Comment Re:We are in a post-rational debate (Score 1) 155
I work at BIGCO. Everything you say is partly true, but:
I've developed apps on Oracle and MySQL. Cost is not a factor; we get Oracle for free here. And yet I always choose MySQL for new projects. And that is the overwhelming majority preference, among experienced engineers who disagree on lots of other things. Why?
- Performance. Even with good DBAs investing a lot of time, Oracle cannot deliver. Remember, we tune our schema and MySQL instance until it's faster than many custom-written datastores. (Obviously, I'm talking about MyISAM). MySQL is so fat-free that it's hard to beat in custom C. And yes, MySQL's performance falls off rapidly with complex queries. Query optimization does consume significant engineering time.

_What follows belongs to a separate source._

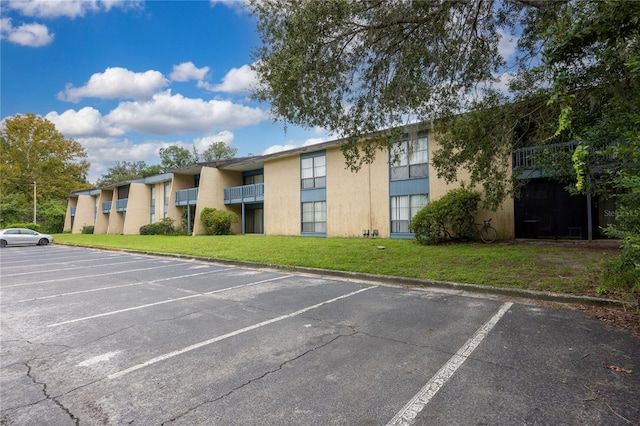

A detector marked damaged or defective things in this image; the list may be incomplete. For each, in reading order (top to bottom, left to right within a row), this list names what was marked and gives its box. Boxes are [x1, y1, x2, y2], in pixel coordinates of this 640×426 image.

- Hassle factor. Just as you feel MySQL has imposed too much weirdness on you, I feel that Oracle has wasted too many of my hours. Everything about this db is clumsy, old-fashioned and obscure.
- Transaction-phobia. We're not doing banking apps here. I remember Oracle instances getting slow because open sessions are piling up, either from humans, broken pooling, or scripts. One more headache I'm thankfully free from.
There's no free lunch here. Oracle provides a more seamless abstraction, including ACID, at the price of performance. That is an appropriate tradeoff for some apps.